- [Instructions for the task]
Copy out the full data exactly as given; pictures should not be included.

- [Dataset excerpts]
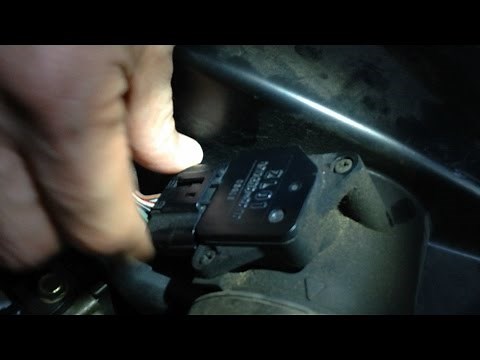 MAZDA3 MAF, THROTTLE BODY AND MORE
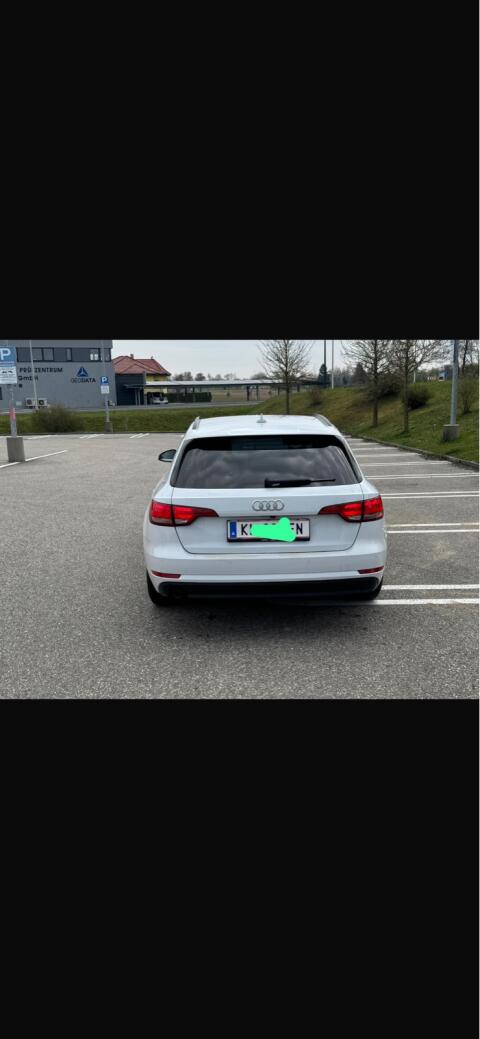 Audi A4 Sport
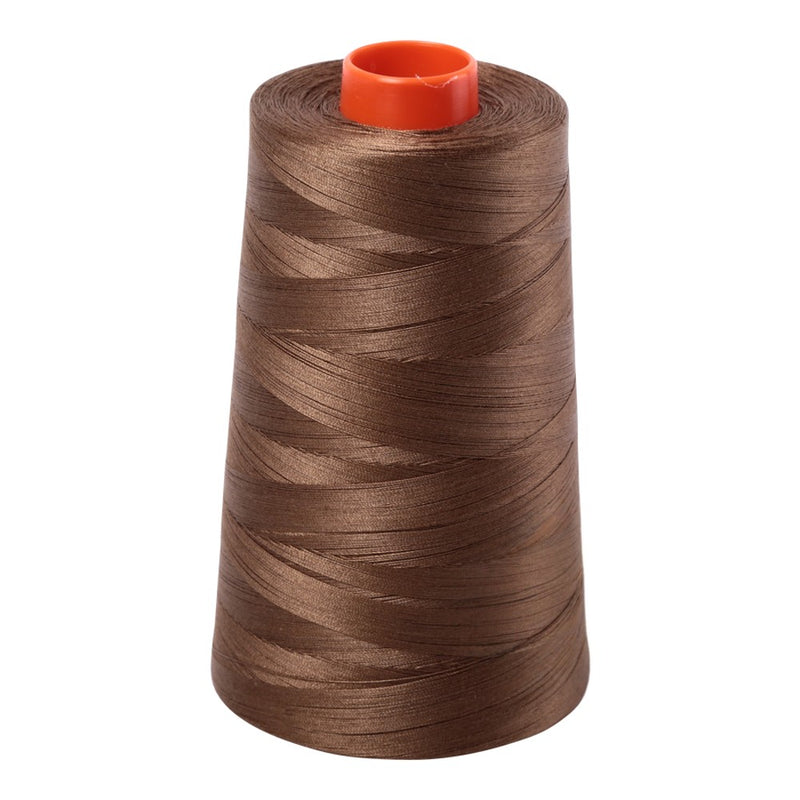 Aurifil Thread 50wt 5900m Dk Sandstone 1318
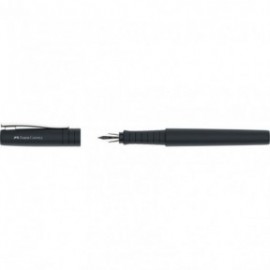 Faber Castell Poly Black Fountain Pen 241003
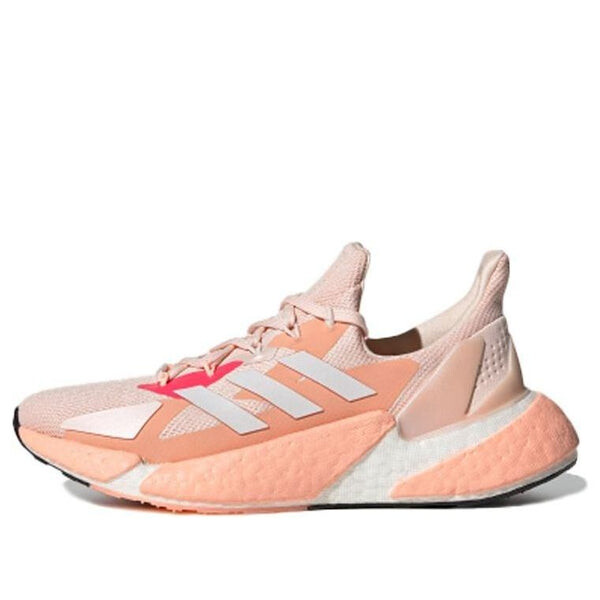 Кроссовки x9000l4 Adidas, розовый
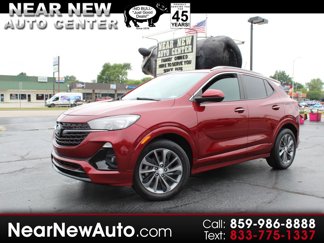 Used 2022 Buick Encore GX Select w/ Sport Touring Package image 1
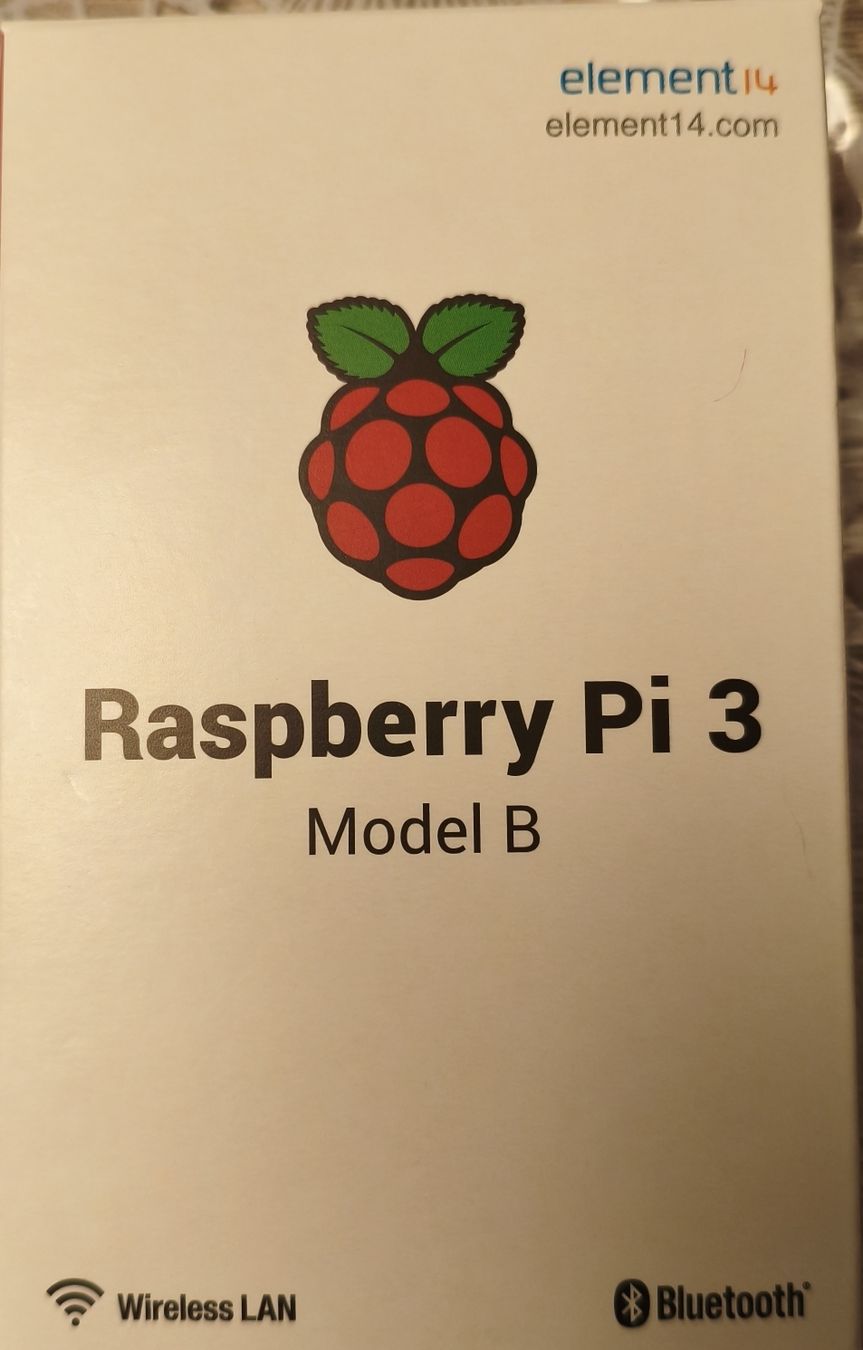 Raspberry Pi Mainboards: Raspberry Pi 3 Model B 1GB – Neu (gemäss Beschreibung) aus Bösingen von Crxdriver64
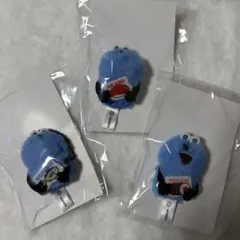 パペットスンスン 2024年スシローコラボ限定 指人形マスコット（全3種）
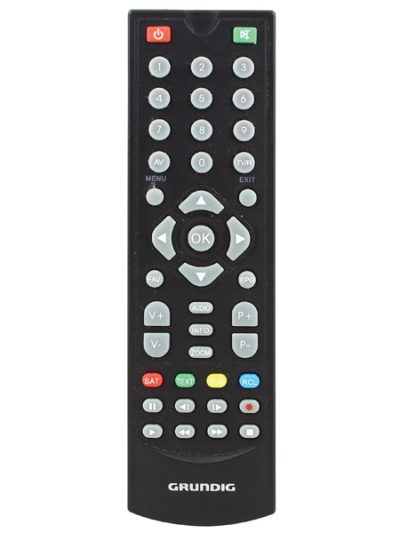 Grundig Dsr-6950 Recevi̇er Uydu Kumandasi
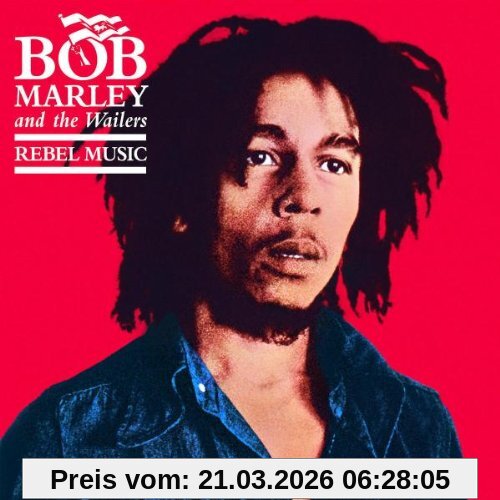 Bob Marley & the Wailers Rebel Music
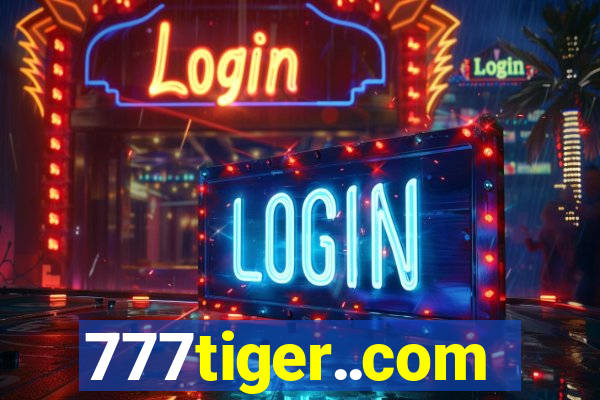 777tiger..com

- [Task output]
 MAZDA3 MAF, THROTTLE BODY AND MORE
 Audi A4 Sport
 Aurifil Thread 50wt 5900m Dk Sandstone 1318
 Faber Castell Poly Black Fountain Pen 241003
 Кроссовки x9000l4 Adidas, розовый
 Used 2022 Buick Encore GX Select w/ Sport Touring Package image 1
 Raspberry Pi Mainboards: Raspberry Pi 3 Model B 1GB – Neu (gemäss Beschreibung) aus Bösingen von Crxdriver64
 パペットスンスン 2024年スシローコラボ限定 指人形マスコット（全3種）
 Grundig Dsr-6950 Recevi̇er Uydu Kumandasi
 Bob Marley & the Wailers Rebel Music
 777tiger..com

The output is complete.